You may be eligible for workers’ compensation even if your injury happens in your home, but it depends on the specifics of the case. In one example, an employee who tripped over her dog on the way to get work materials out of her garage was eventually approved for workers’ compensation benefits after an initial denial.
In that case, the employee won her claim because her employer required her to store work materials in her home, so they were responsible for the injuries she sustained in the process of retrieving those materials. If she had not been required to bring materials at home or if she’d been injured while doing something non-work-related during working hours, like getting a drink from the refrigerator, her claim might not have been approved.
If you’re wondering whether you might be eligible for a work injury sustained while working at home, consider how connected the injury is to your job. For example, if your job involves a lot of typing on the computer, and you develop carpal tunnel syndrome, you will probably be eligible for workers’ compensation.
On the other hand, if your job requires you to make phone calls and you voluntarily spend time typing notes about those phone calls for your own records when it’s not required, your carpal tunnel syndrome would probably not be covered by workers’ compensation.
When You’re on the Road
You may think of your commute as part of the workday. After all, the commute eats up a significant amount of your time and costs you money. You’re usually dressed for work and thinking about work when you’re on the way to or from work. However, in most cases, the trip to or from your job is usually not considered your employer’s responsibility. If you get into an accident on your way to work, workers’ compensation won’t cover you.
However, there are some exceptions. In certain professions, workers don’t necessarily have a fixed office. For example, if you’re a traveling salesperson, much of your job depends on traveling to and from the places where you’re making your sales pitches, not traveling to and from a central office. If you’re injured on your way to make a sale, you may be covered.
Traveling for business is often covered. For example, if your company sends you to a conference and you’re injured on the way there, you can make a workers’ compensation claim.
If you have a job that occasionally places you on-call, so you’re required to come in only if you’re called in, you may be covered from the time that you receive the call. In that case, a commute-related injury would be covered.
You may also be covered by workers’ compensation if your only route to work takes you through a dangerous area, like a blasting zone. Finally, if you’re asked to run a work-related errand during your commute or on your personal time, like your lunch break, you might qualify for workers’ compensation.

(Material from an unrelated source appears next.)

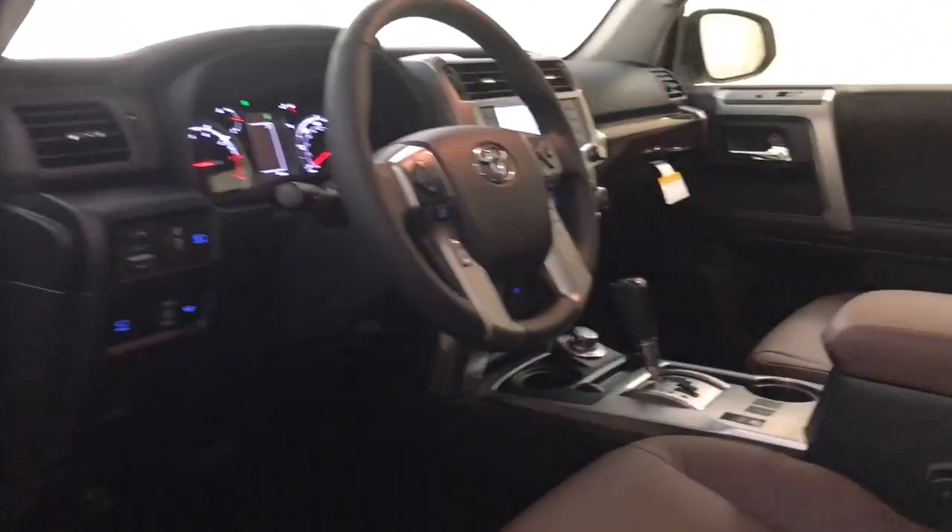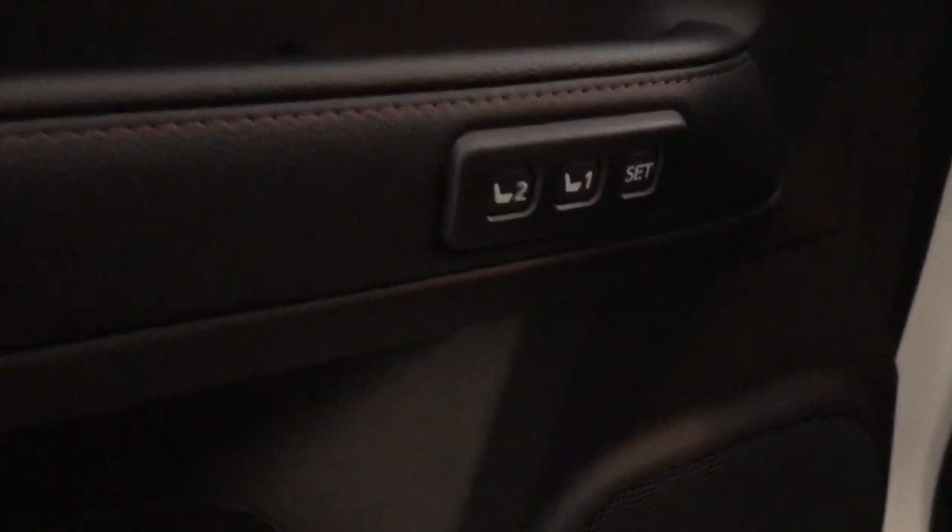Pre-collision system, lane departure warning, navigation system, keyless entry, sunroof/moonroof, remote engine start, cooled front seats, heated mirrors, fog lamps, and power passenger seat.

When You’re at a Work Function
Often, employees find themselves in the position of attending work-related functions that don’t involve doing actual work. Employee retreats, company picnics, and office holiday parties are all examples of these types of functions.
Whether or not you’re covered by workers’ compensation during these types of functions depends largely on the situation. You’re more likely to be covered if the function is mandatory. If the event is voluntary, your employer can argue that you didn’t have to be there and that you were on your own time.

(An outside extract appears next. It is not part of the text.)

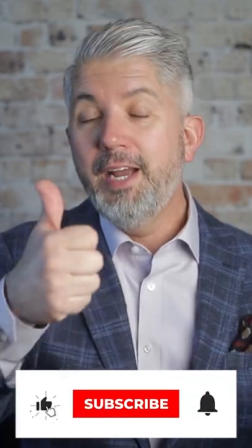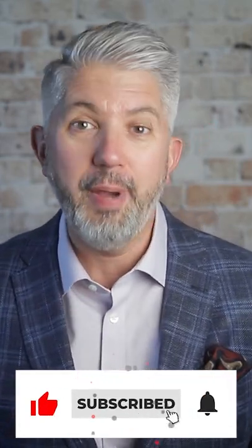If you guys like this short video format, hit that thumbs up button so the YouTube algorithm knows I'm still alive. All right, gentlemen, be good, my friends, and I'll see you in the next one.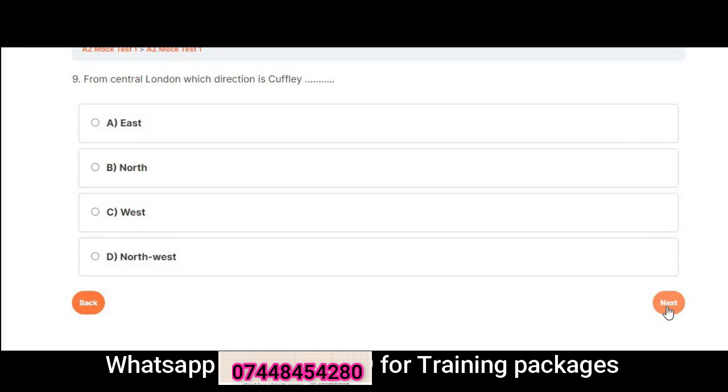Question 9: From Central London, which direction is Cuffley? A. East. B. North. C. West. D. Northwest. Correct answer is B: North.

However, sometimes a voluntary event can be covered by workers’ compensation. One exception may be if the event is arranged and paid for by the employer and benefits the employer. For example, a team-building event meant to improve employees’ ability to work productively together or a party where employees are expected to network with clients.
In these cases, a court may decide that the event is connected closely enough to work to be covered by workers’ compensation, even if it’s a voluntary function.
Work-related injuries that occur away from the workplace can be complicated, and even a claim that should be approved may be initially denied. Determine whether your situation is covered by workers’ compensation by consulting an attorney who understands the workers’ compensation laws in your area.